* DATASET EXCERPT
════

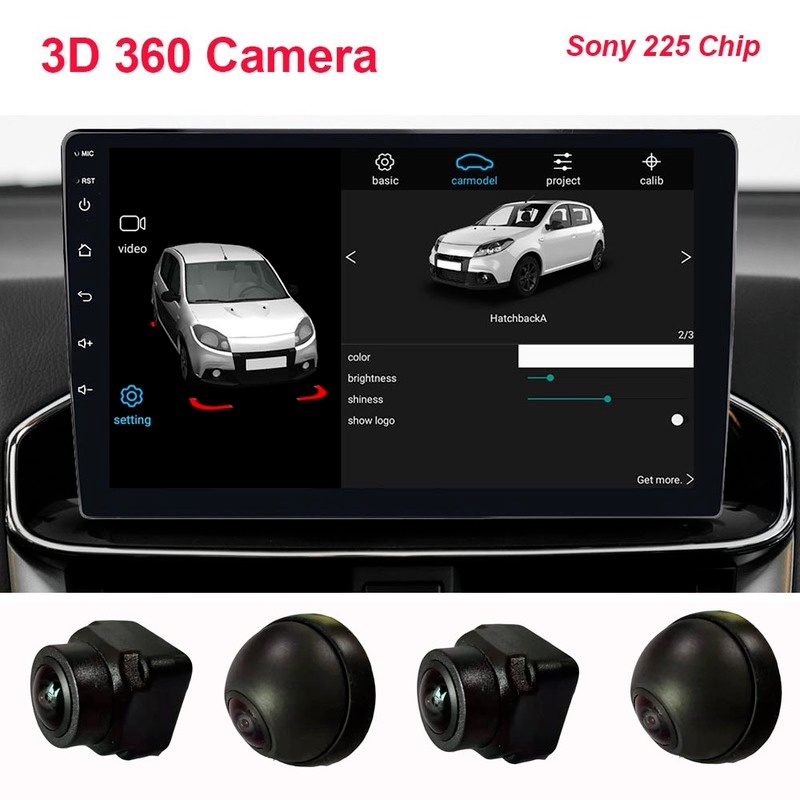 360° Camera Mắt Cá 3D Gắn Sau Xe Hơi AHD 1080P / 720P
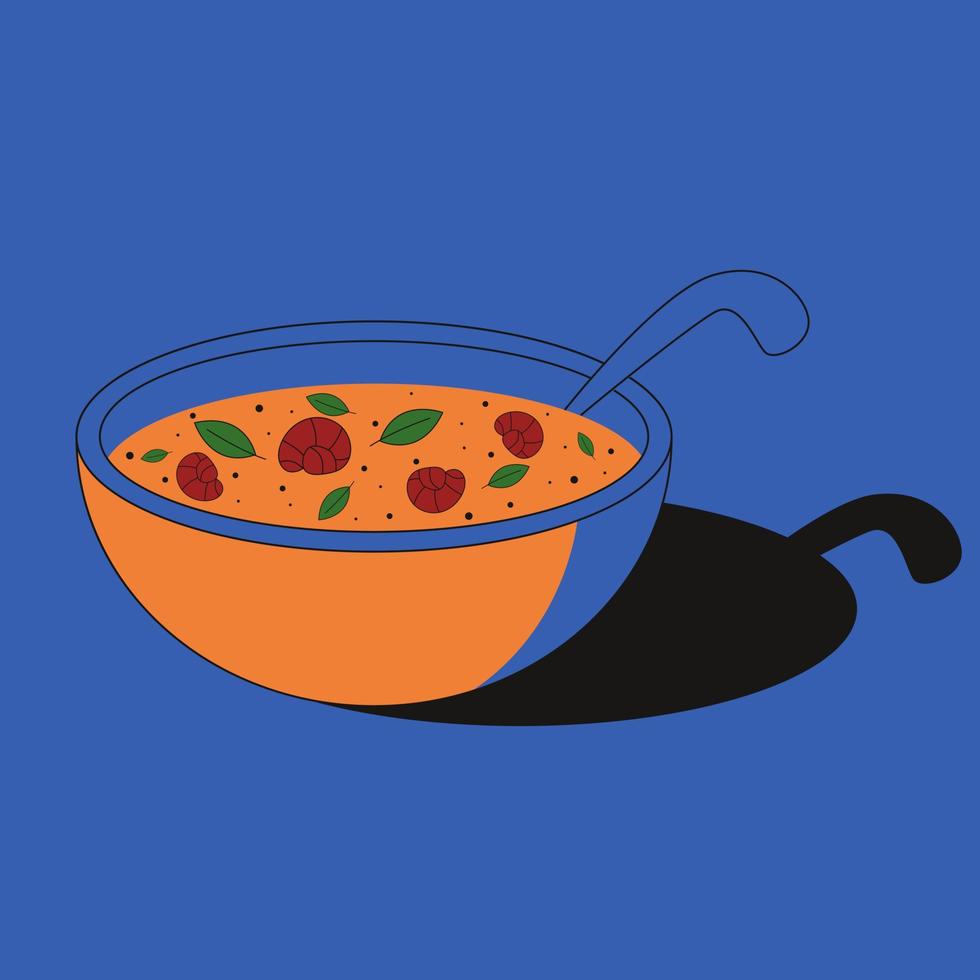 Tom yum soup with shrimp. Asian dish illustration vector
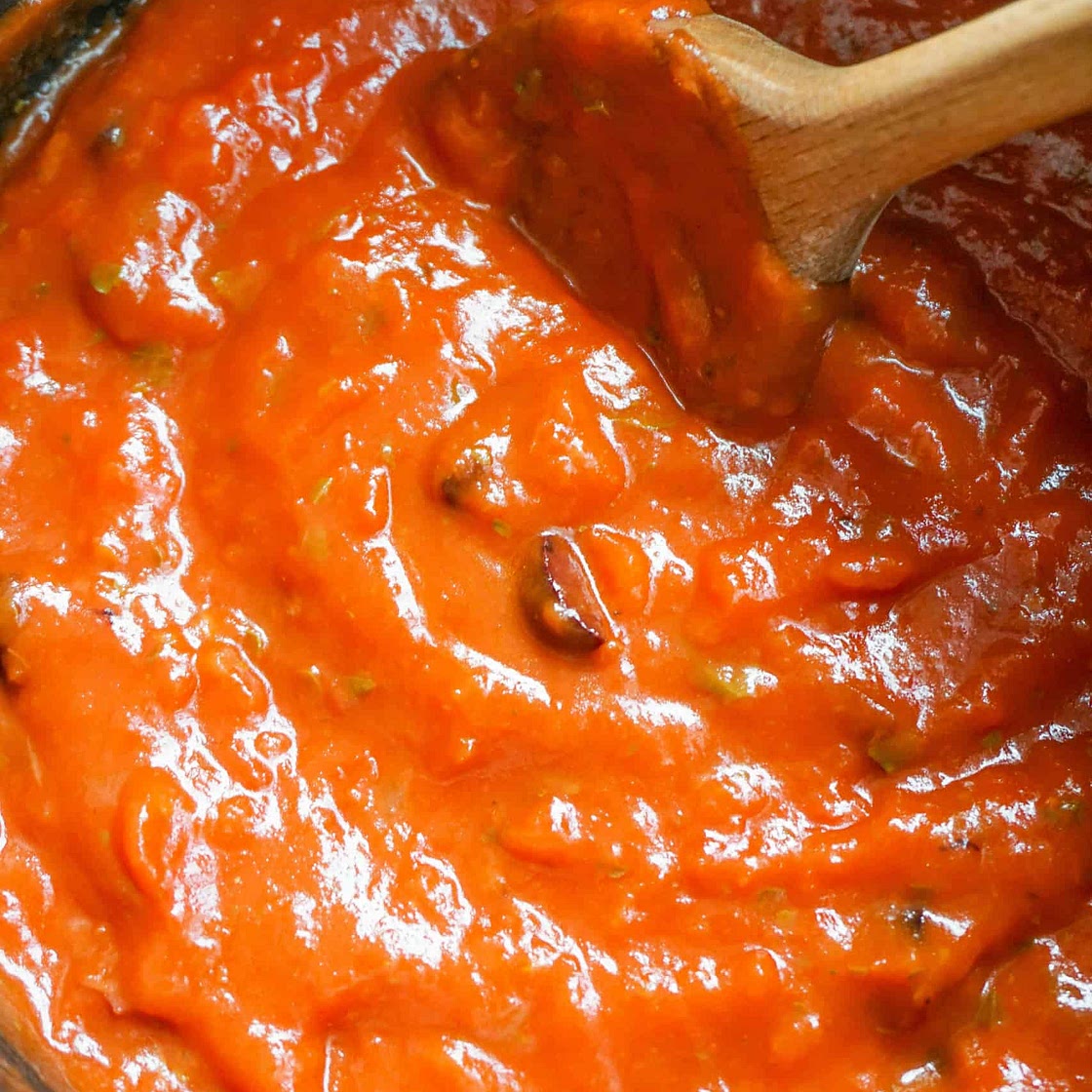 Homemade Silician Tomato Sauce with Olives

════

* WHAT IS NEEDED
Copy the listing above verbatim; the pictures it contains are to stay out.

* SOLUTION TO THIS TASK
 360° Camera Mắt Cá 3D Gắn Sau Xe Hơi AHD 1080P / 720P
 Tom yum soup with shrimp. Asian dish illustration vector
 Homemade Silician Tomato Sauce with Olives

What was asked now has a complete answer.